At the end of 1993, Claude Martin took over as Director General of WWF International. At the same time, the organization completed a two-year network-wide evaluation of its conservation work. On the strength of this study, it resolved to focus its activities on three key areas: forests, freshwater ecosystems, and oceans and coasts.

Combatting climate change became an important part of WWF´s work. In 1997, WWF acted as a key force in the creation and subsequent improvement of the Kyoto Protocol, an international agreement to reduce greenhouse gas emissions to curb global warming. Since then, WWF has worked to attempt to ensure both the environmental integrity of the protocol and its ratification.

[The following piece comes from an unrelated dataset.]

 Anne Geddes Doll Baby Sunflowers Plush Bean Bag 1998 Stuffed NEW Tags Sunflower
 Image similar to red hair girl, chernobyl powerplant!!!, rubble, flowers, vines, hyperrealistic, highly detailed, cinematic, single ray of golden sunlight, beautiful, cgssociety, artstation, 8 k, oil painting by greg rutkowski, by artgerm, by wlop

WWF started publishing its Living Planet Report in 1998 in order to quantify how fast we are losing our precious natural resources. The report, now released biennially, is based on the Living Planet Index, which monitors the changes in populations of animal species in forest, marine and freshwater ecosysytems. The Living Planet Report found that in just 30 years, the world has lost a third of its natural wealth. The report also examines consumption of critical resources in countries around the world, using the concept of "ecological footprint". Ecological footprint is a measure to estimate the use of natural resources by mankind in relation to nature´s capacity to regenerate.

2000 and Beyond

In order to spearhead its mission and maximize the impact of its resources, WWF has chosen a set of global priorities for its work. These priorities cover six globally important issues. Together with forests, freshwater ecosystems, and oceans and coasts, these global Target Driven Programmes include climate change, toxic chemicals and a number of selected species of special concern.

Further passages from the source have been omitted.